Algorithm: Swaps adjacent elements if they are out of order. After each iteration, the next heaviest element bubbles to the end of the array.

Proof of correctness: At the end of n iterations, the n heaviest elements are in their sorted positions —> the array is sorted

Since swapping is only done between adjacent elements, it is easy to make the algorithm stable (only do swaps in case of strict inequality).

It is possible to implement a version that terminates as soon as no swaps performed for a complete loop. In such a case, the time taken to sort an already sorted array is $\theta(n)$ .

Bubble Sort is quite inefficient and is rarely used in practical applications.

BubbleSort(A, n) {
    for (int i = 0; i < n; i++) {
        for (int j = i; j < n - 1; j++) {
            if A[j] > A[j+1] swap(A, j, j + 1)
        }
    }
}

OptimisedBubbleSort(A, n) {
    repeat (until no swaps):
        for (int j = 1; j < n - 1; j++):
            if A[j] > A[j+1] then swap(A, j, j + 1)

}

Insertion Sort

Algorithm: Maintain a sorted prefix (beginning with the first element). For every iteration, insert the next element into the correct position in the sorted prefix.

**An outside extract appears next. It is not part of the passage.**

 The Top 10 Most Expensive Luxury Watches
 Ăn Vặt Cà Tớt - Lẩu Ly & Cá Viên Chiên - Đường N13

Invariant: At the end of the $i^{th}$ iteration, the first $i$ elements in the array are relatively sorted.

Since swaps are performed between adjacent elements, it is easy to ensure stability by only swapping in case of strict inequality.

Best case scenario: already sorted array or very few elements out of place. eg. $A = [2,3,4,5,6,1]$ performs significantly lower number of swaps than $A = [6,5,4,3,2,1]$ . You only need to perform 5 swaps to bring 1 to its correct positions. All other elements are relatively sorted.

InsertionSort(A, n):
    for (int i = 1; i < n; i++):
        key = A[i];
        j = i - 1;
        while (j >= 0 and A[j] > key): // Repeats at most i times (the max distance that a key needs to move is i)
            A[j+1] = A[j] //Shift the elements by 1
            j--
        A[j+1] = key // Put the key in the correct position

Sometimes, its better to use insertion sort than MergeSort. For example, when you know that the list is mostly sorted, insertion sort performs very well. Moreover, even for unsorted arrays of any kind, if the length is less than 1024, insertion sort runs faster in practice than MergeSort.

Selection Sort

Algorithm: Find the minimum element. Swap it to the first element in the unsorted array. Continue on the remaining elements.

Proof of correctness: After n iterations, the minimum n elements are in their sorted positions —> the array is sorted

Invariant: There is a sorted prefix being maintained. At the end of each iteration, the size of the sorted prefix grows by 1 and the size of the unsorted portion decreases by 1. It is important to note that this sorted prefix is absolutely sorted with respect to the entire array, i.e., the elements in the sorted prefix are in their correct positions relative to the entire array too. This is in contrast to insertion sort, in which, after each iteration, the size of the sorted prefix grows by 1 too, but the elements are relatively sorted —> their positions need not be the correct position w.r.t. the entire array.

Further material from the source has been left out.